= Task to complete =
For this exercise, repeat exactly the lines below starting at the line holding "Honda HR-V Vehicle Image 02" and ending at the line holding "Náměstí, Hrad a Trůba", both included, with no extra lines and no pictures.

▬▬▬▬▬▬

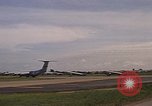 Standbild USA Flugzeuge Vietnam, 1968, aus Sekunde 31 historischem Filmmaterial Videoclip 65675072144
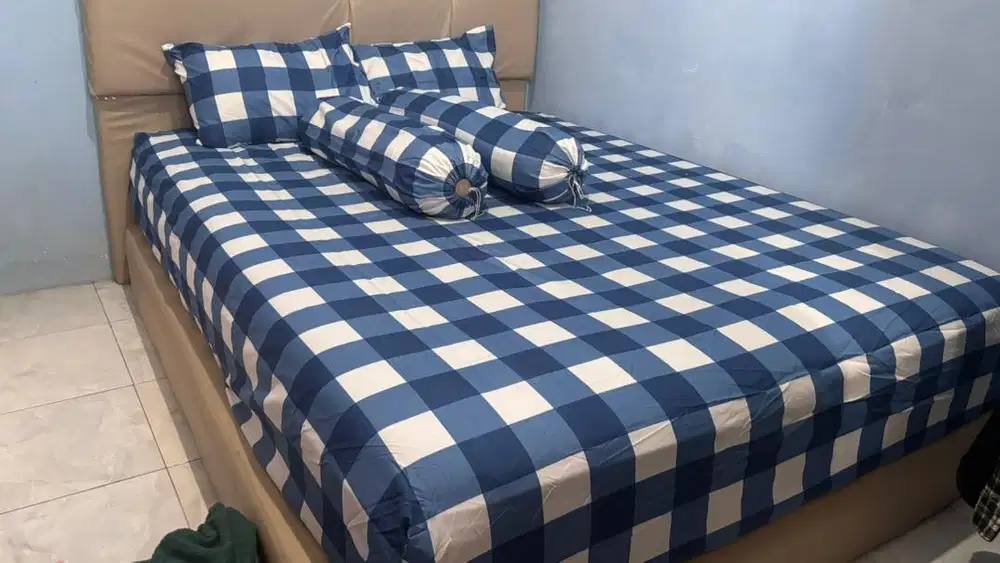 Spring Bed Tudor Empire ( queen bed ) size 160x200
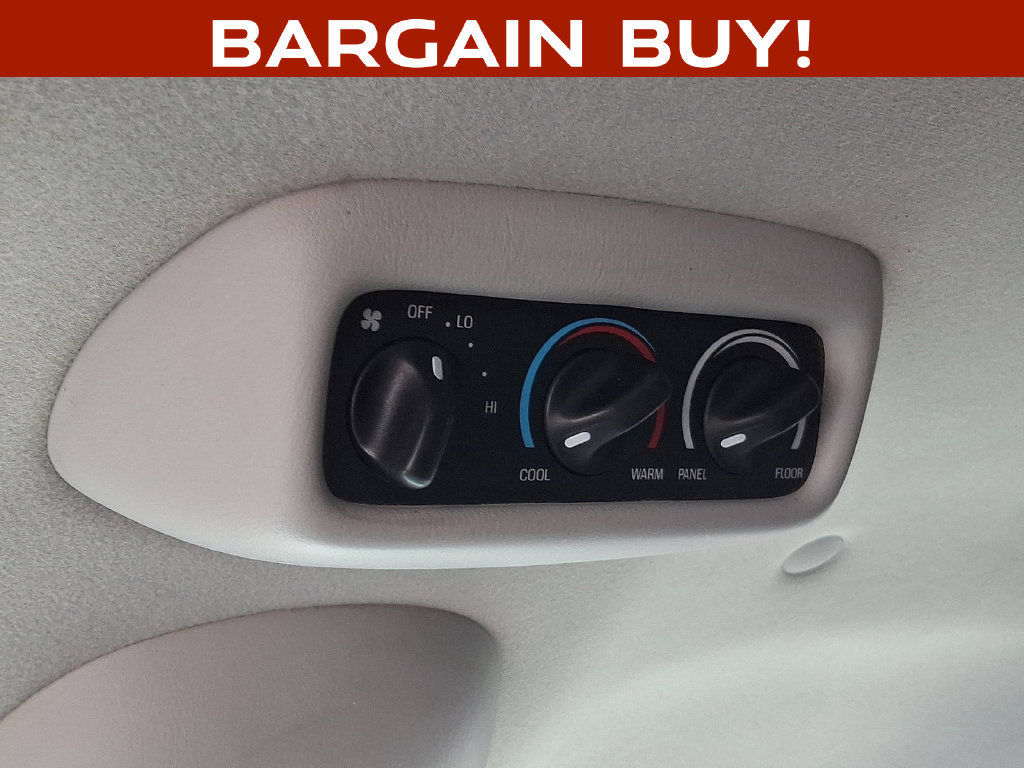 Used 2004 Ford Excursion XLT AWD/4WD image 13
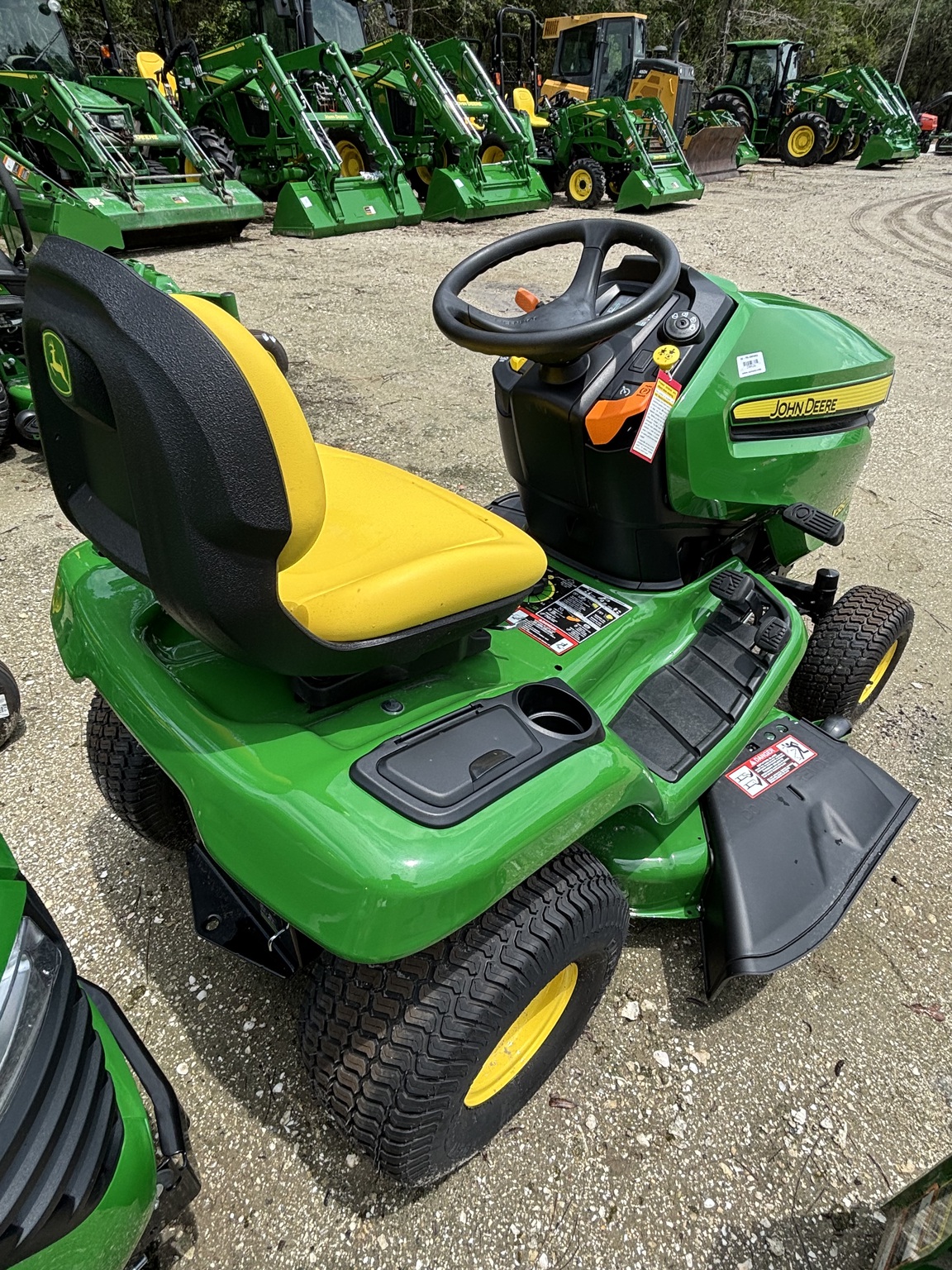 2025 John Deere X350 Image 7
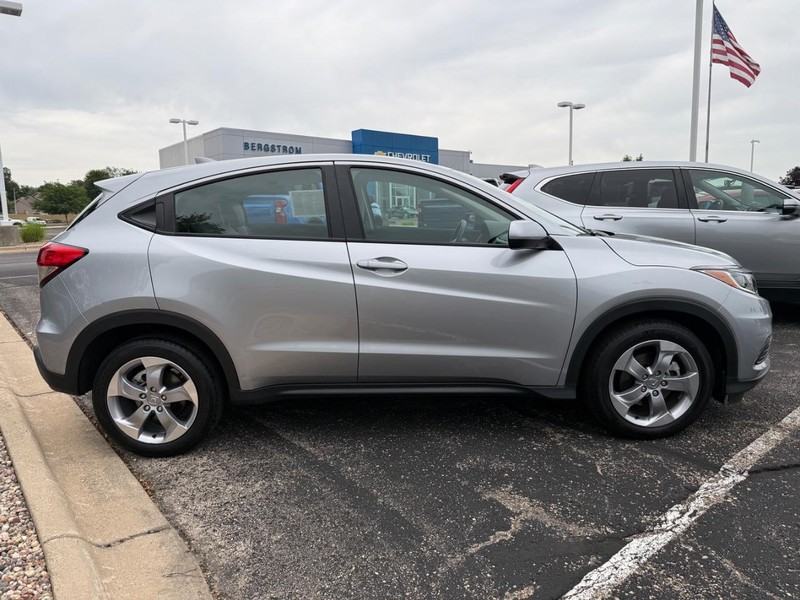 Honda HR-V Vehicle Image 02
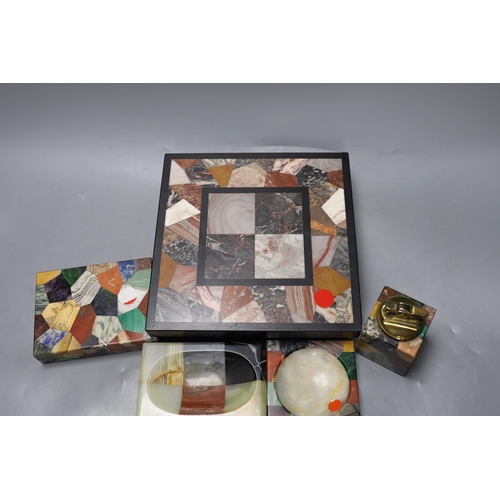 510 - A group of Italian specimen marble and hardstone desk accessories, largest 20.5cm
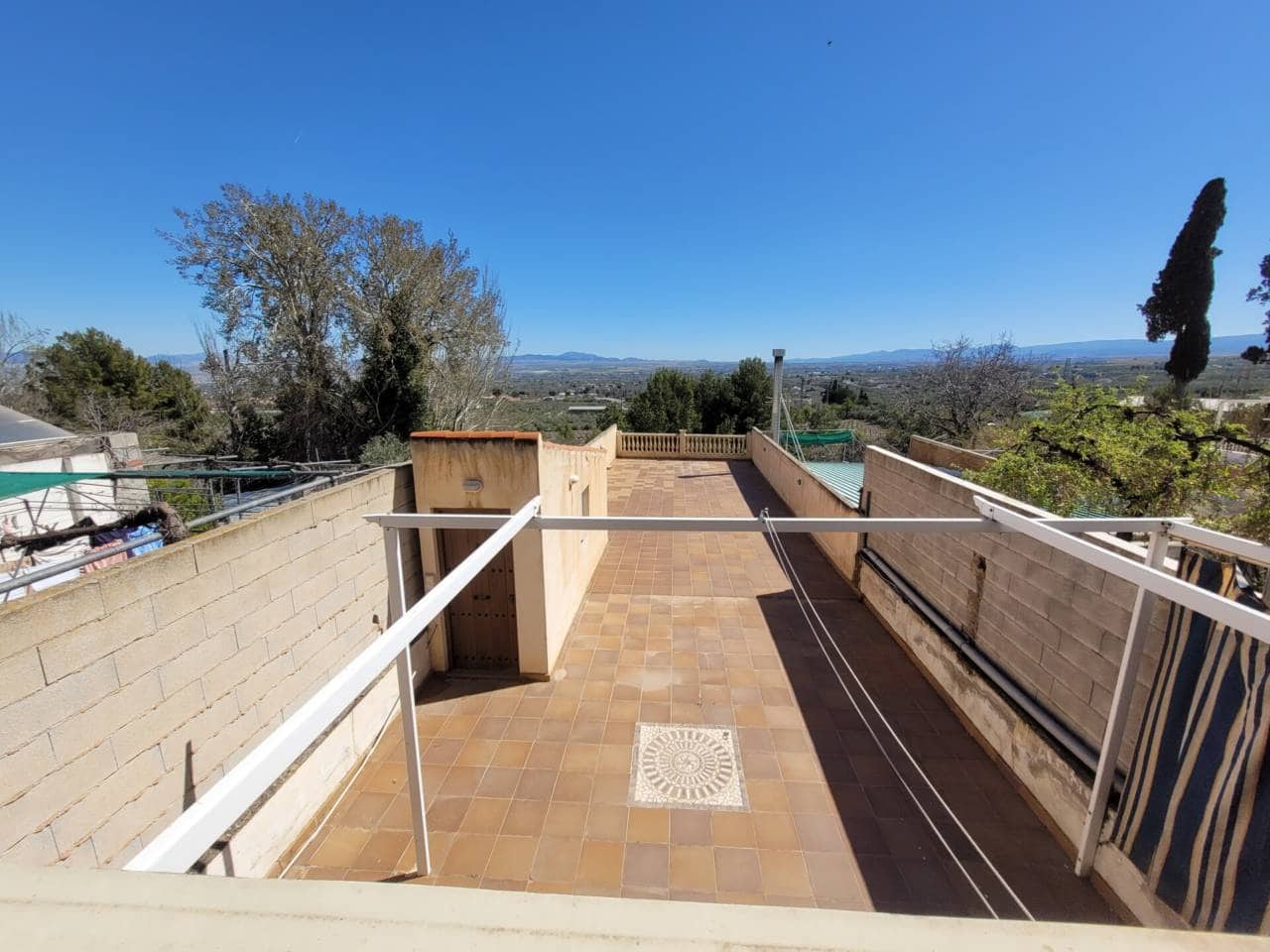 4 sypialnia Willa na sprzedaż w Baza z garażem - 135 000 € (Ref: 9709488)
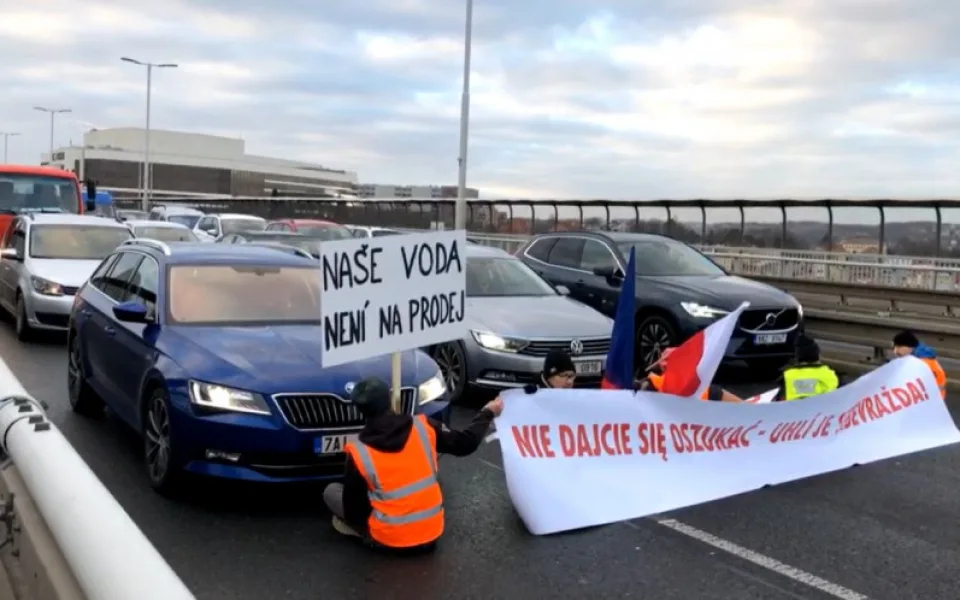 Demonstranti se svázali řetězy a zablokovali dopravu na Nuseláku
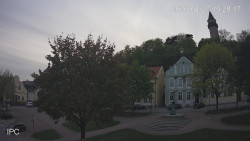 Náměstí, Hrad a Trůba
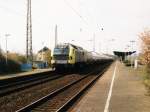 ME 26.07 (Siemens Dispolok GmbH) mit einem Gterzug in die Richtung Mnster auf Bahnhof Lengerich am 23-4-2001.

▬▬▬▬▬▬

= Output for this task =
 Honda HR-V Vehicle Image 02
 510 - A group of Italian specimen marble and hardstone desk accessories, largest 20.5cm
 4 sypialnia Willa na sprzedaż w Baza z garażem - 135 000 € (Ref: 9709488)
 Demonstranti se svázali řetězy a zablokovali dopravu na Nuseláku
 Náměstí, Hrad a Trůba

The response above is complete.